=== Begin Enclosure ===

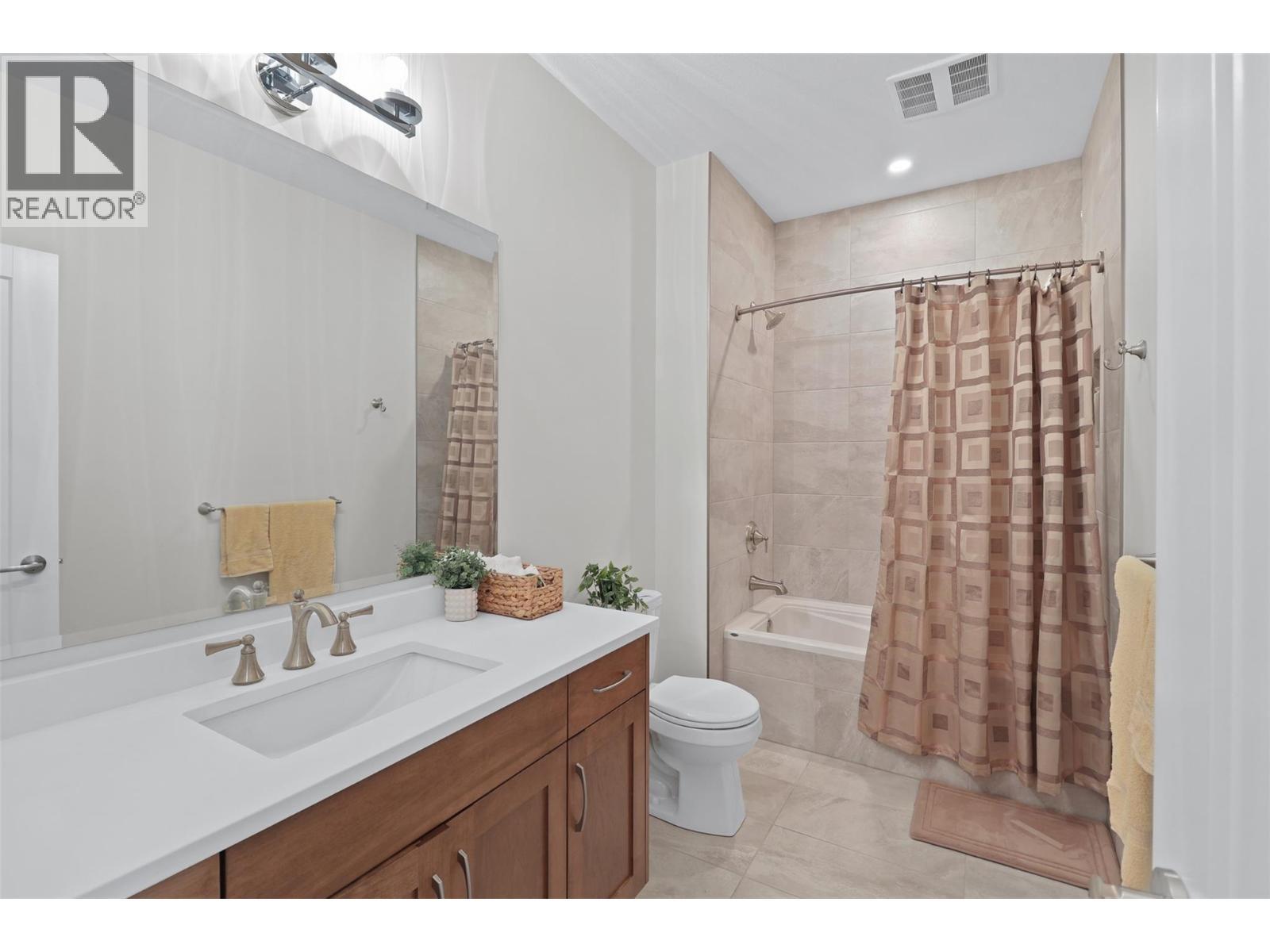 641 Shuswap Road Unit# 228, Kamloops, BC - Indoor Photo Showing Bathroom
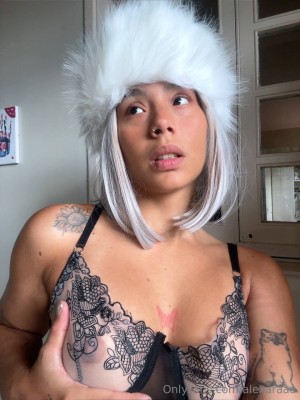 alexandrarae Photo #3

=== End Enclosure ===
=== Begin Enclosure ===

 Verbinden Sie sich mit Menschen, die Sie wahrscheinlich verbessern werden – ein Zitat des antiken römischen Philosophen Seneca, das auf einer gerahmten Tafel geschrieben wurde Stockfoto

=== End Enclosure ===

Of the records above, print only the lines from the one containing "641 Shuswap Road" through the one containing "alexandrarae Photo #3", inclusive and unaltered, leaving out pictures.

 641 Shuswap Road Unit# 228, Kamloops, BC - Indoor Photo Showing Bathroom
 alexandrarae Photo #3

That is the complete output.